Women come boldly to the fore in biblical literature from the Persian period, which was pivotal in the formation of the Hebrew Bible and a time of reconstruction of Jewish life under Persian imperial rule. Women are prominent in many of these writings, which make up the Ketuvim, third division of the Hebrew Bible, with the book of Esther as one of the most dramatic examples. Eskenazi’s research compares the representations of women in the Ketuvim with women’s lives in the ancient contemporaneous world, revealing the rethinking about women and gender that appear in these works.

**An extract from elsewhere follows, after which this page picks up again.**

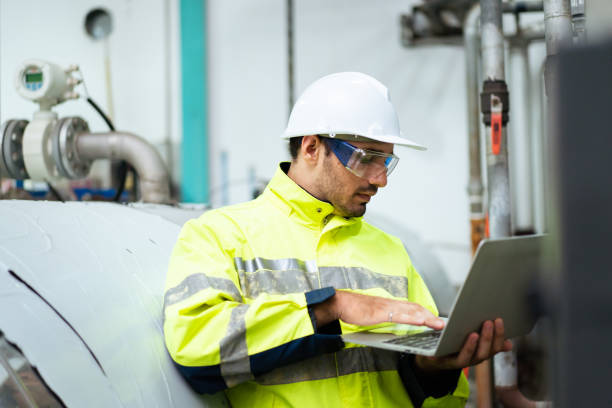 istock Quality control staff working in the factory. 1423545119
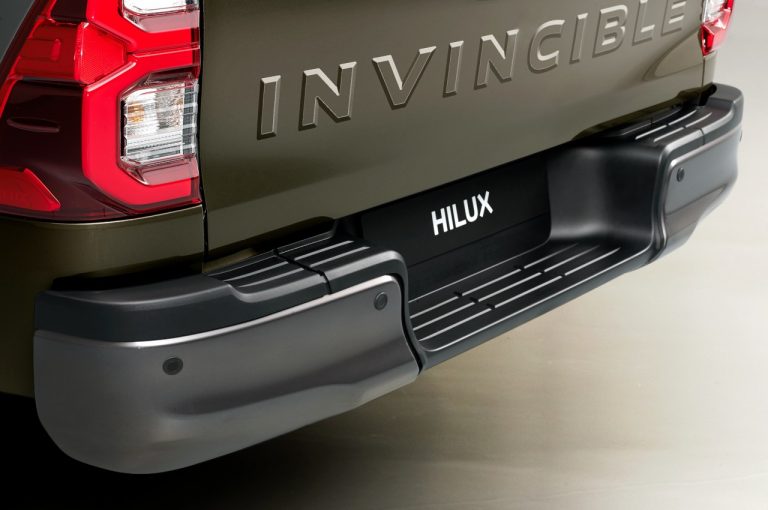 Toyota Hilux 2020: immagini ufficiali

About the Speaker: TAMARA COHN ESKENAZI, Ph.D. is Professor of Bible at Hebrew Union College – Jewish Institute of Religion. She is the first woman to have been appointed to the Rabbinical Faculty in HUC’s long history (beginning in 1875). She is the winner of The Jewish Book of the Year Award for her role as Editor of The Torah: A Women’s Commentary (with Andrea L. Weiss, 2008), and The Jewish Book Award in Women’s Studies for her JPS Bible Commentary: Ruth (with Tikva Frymer-Kensky, 2012). Her other books include In an Age of Prose: A Literary Approach to Ezra- Nehemiah. Recently she received an NEH Fellowship for her work on women in the Persian Period.